Below are entries with pictures in them. Output exactly the lines starting at the line with "Ряды костромских спасателей" and ending at the line with "Apartment Alegria In", both included, but not the pictures.
Record extracts section start
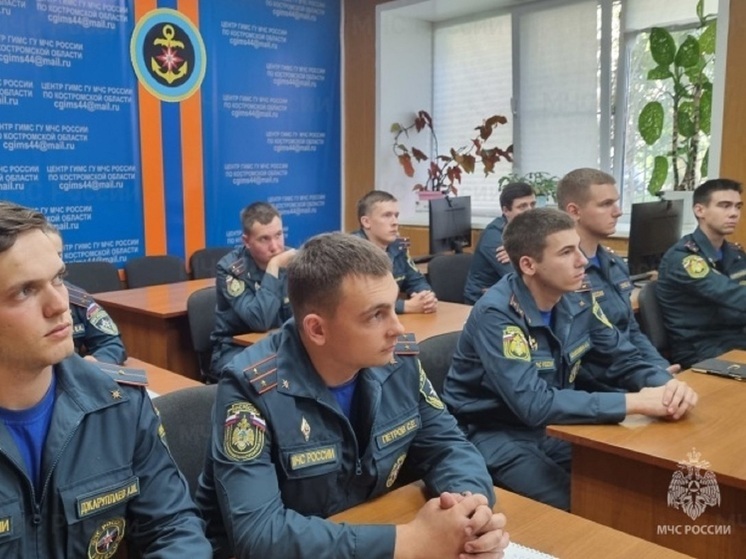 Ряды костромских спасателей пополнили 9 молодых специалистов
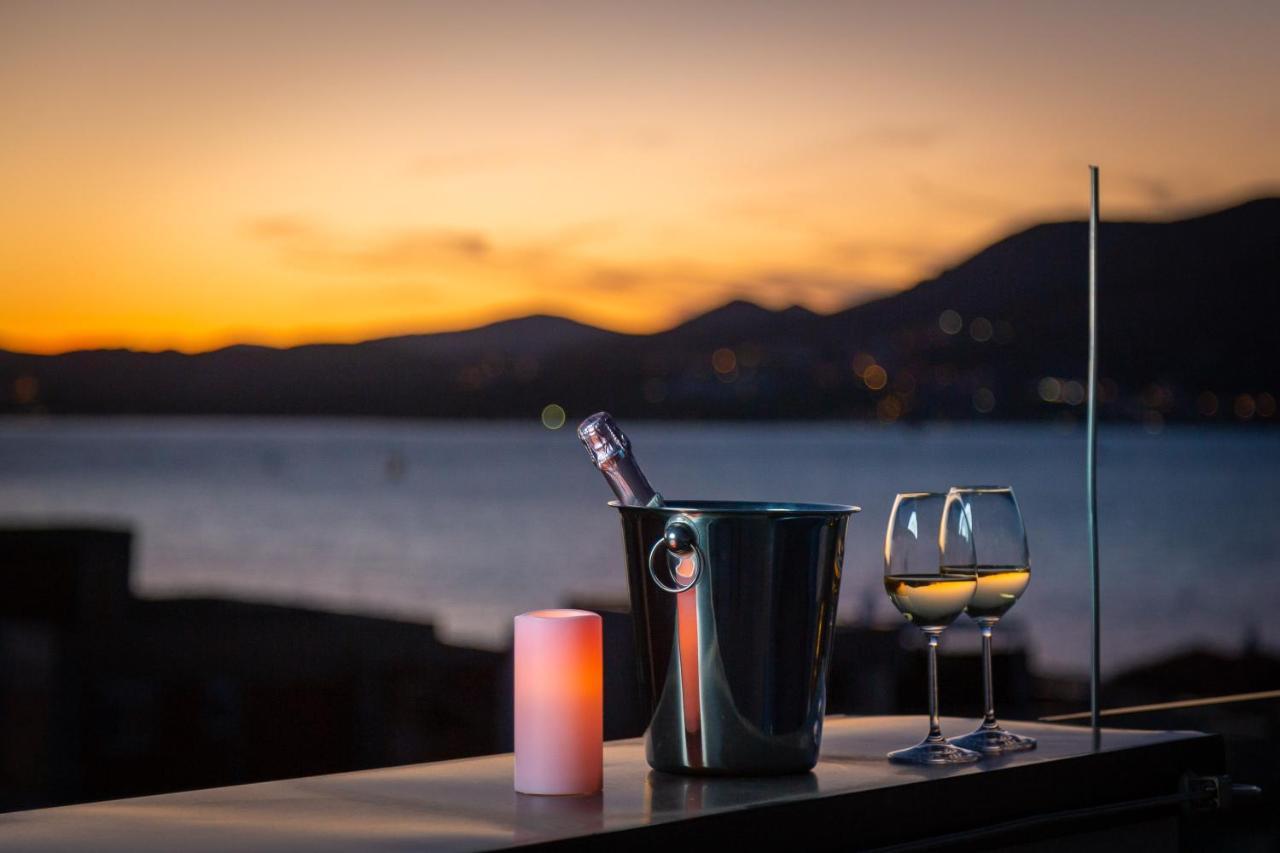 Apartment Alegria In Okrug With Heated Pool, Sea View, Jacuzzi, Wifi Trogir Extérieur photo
Record extracts section end
Record extracts section start
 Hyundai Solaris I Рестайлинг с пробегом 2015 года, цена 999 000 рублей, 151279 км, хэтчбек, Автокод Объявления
Record extracts section end
■ Your response
 Ряды костромских спасателей пополнили 9 молодых специалистов
 Apartment Alegria In Okrug With Heated Pool, Sea View, Jacuzzi, Wifi Trogir Extérieur photo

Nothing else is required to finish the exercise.